The LIED/ATTO end station at NeXUS will provide an opportunity for users to perform Laser Induced Electron Diffraction (LIED) as well as ATTO experiments such as Reconstruction of Attosecond Beating By Interference of Two-photon Transitions (RABBITT) and streaking. LIED enables probing molecular dynamics with sub-angstrom and sub-femtosecond spatial and temporal resolution using re-scattering physics. In LIED experiments, it is required to collect a large number of data to obtain spectra with reasonable signal to noise ratio which can be tedious when operated at a low repetition rate. The NeXUS laser will enable us to run such experiments with 100 kHz repetition rate and therefore accelerate data acquisition procedure. In addition, with high repetition rate, it will be feasible to do pump-probe LIED which has not been investigated before. As for the ATTO mode, the end-station has the capability of studying attosecond electron dynamics such as correlated electron dynamics, molecular charge migration and ultrafast photoemission probed at 100 kHz sampling rate.
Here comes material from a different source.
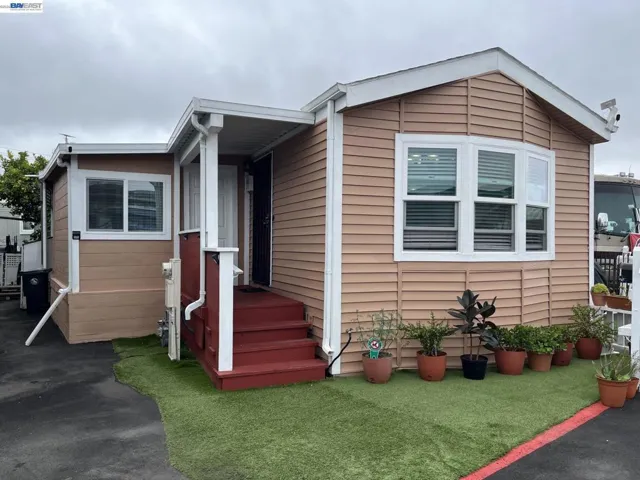 747 Lewelling Blvd., San Leandro, California 94578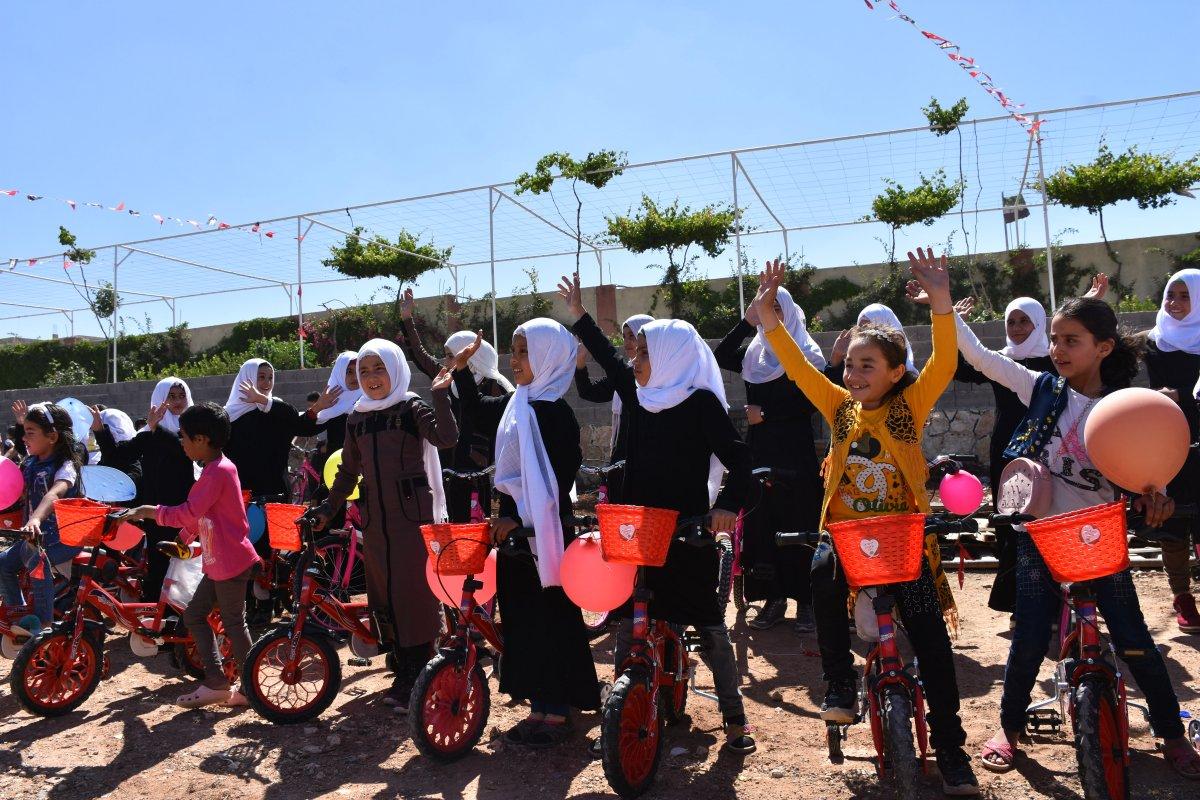 Acıbadem Okulları'ndan Bir Bisikletle Mutluluğa Kapı Açıyoruz kampanyası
A schematic of the apparatus used to conduct such experiments is shown in the top left figure. It is a Symmetric Double Time-of Flight (SD-TOF) which can operate in two modes: (1) electron detection on both sides, (2) having one side for electron detection and the other side for ion detection. For detecting electrons, the spectrometer functions in field-free mode since electric fields can affect the kinetic energy of the electrons and the magnetic field can modify their angular distribution. In order to shield electrons from stray electric fields, the field plates are built from molybdenum and uniformly coated by graphite which minimizes the patch effect. Three Mu-metal cylinders are used to cover the spectrometer (including the interaction region and the flight tubes) and isolate it from Earth’s magnetic field which can deviate flying electrons and adversely affect the resolution. In ion mode, it is a Time of Flight (ToF) mass spectrometer in which a non-uniform electric field is applied to the field plates which accelerates the ions towards the detector. The charged particles are detected using fast timing Multi Channel Plate (MCP) chevron detectors connected to a high speed digitizer.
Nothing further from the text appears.